*** Materials provided Section Begins ***

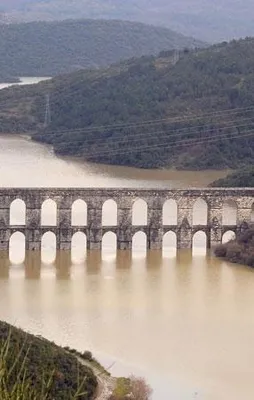 2018'de su sıkıntısı olacak mı?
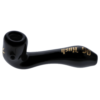 Puff Puff Pass - Puff Puff Pass Strains OG Kush Sherlock -Black - 4in.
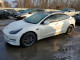 Tesla MODEL 3 2021 — Copart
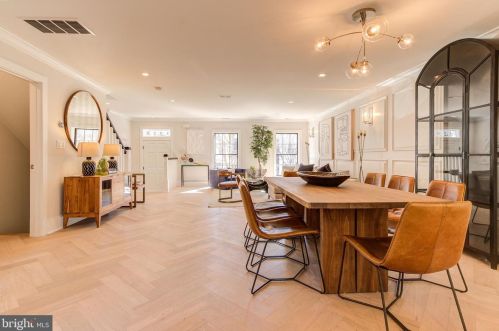 3025 Dent Pl, Washington DC 20007-2916 exterior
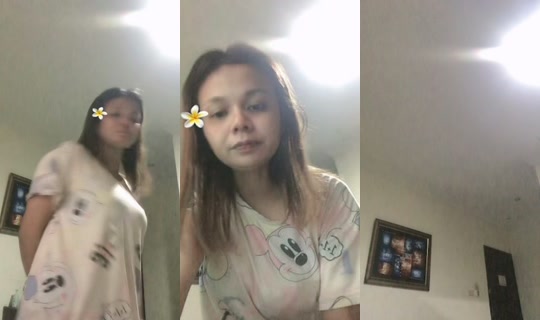 misshoneyoo's Live Session — Jul 7, 2026, 6:23 PM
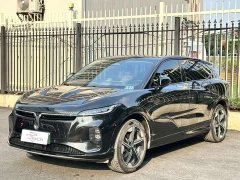 Voyah Lantu Zhiyin Long-Range Smart Comfort Edition - ფოტო 1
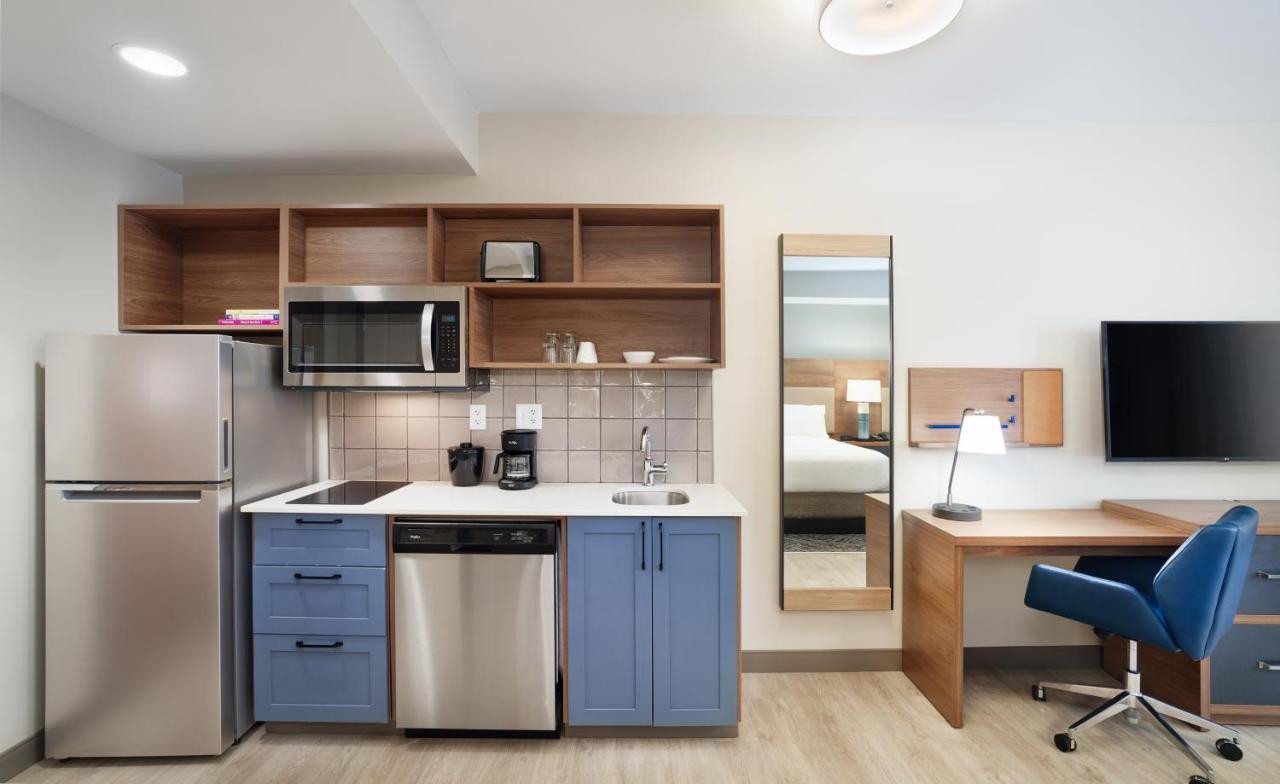 Candlewood Suites - Asheville Downtown By Ihg Extérieur photo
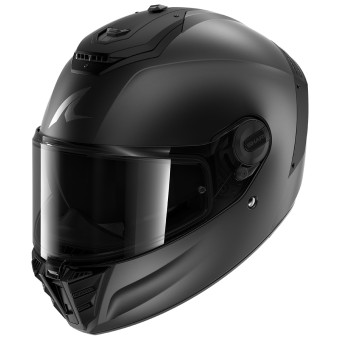 Full Face Shark Spartan RS Dark Shadow Mat A08
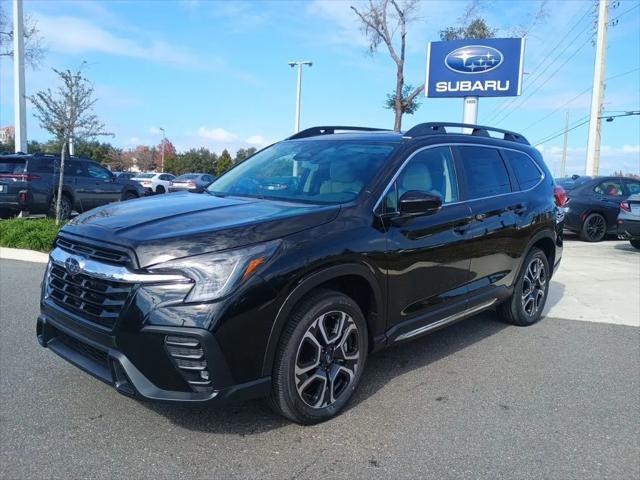 2026 Subaru Ascent Limited 7-Passenger for sale in Orlando, FL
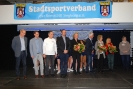 18.01.2018 - Sportlerehrung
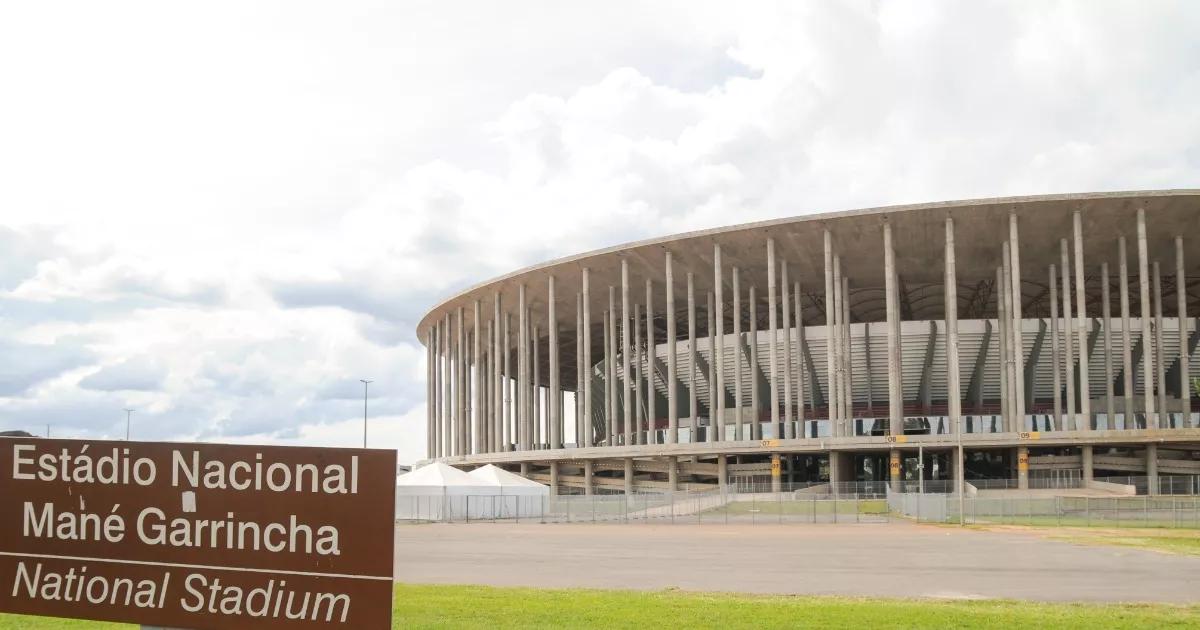 Ingressos Boavista x Botafogo no Mané Garrincha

*** Materials provided Section Ends ***

Exercise brief =>
The stretch above running from the line with "Puff Puff Pass - Puff" through the line with "2026 Subaru Ascent" is all you should copy, exactly, leaving out the pictures.

Response to this task =>
 Puff Puff Pass - Puff Puff Pass Strains OG Kush Sherlock -Black - 4in.
 Tesla MODEL 3 2021 — Copart
 3025 Dent Pl, Washington DC 20007-2916 exterior
 misshoneyoo's Live Session — Jul 7, 2026, 6:23 PM
 Voyah Lantu Zhiyin Long-Range Smart Comfort Edition - ფოტო 1
 Candlewood Suites - Asheville Downtown By Ihg Extérieur photo
 Full Face Shark Spartan RS Dark Shadow Mat A08
 2026 Subaru Ascent Limited 7-Passenger for sale in Orlando, FL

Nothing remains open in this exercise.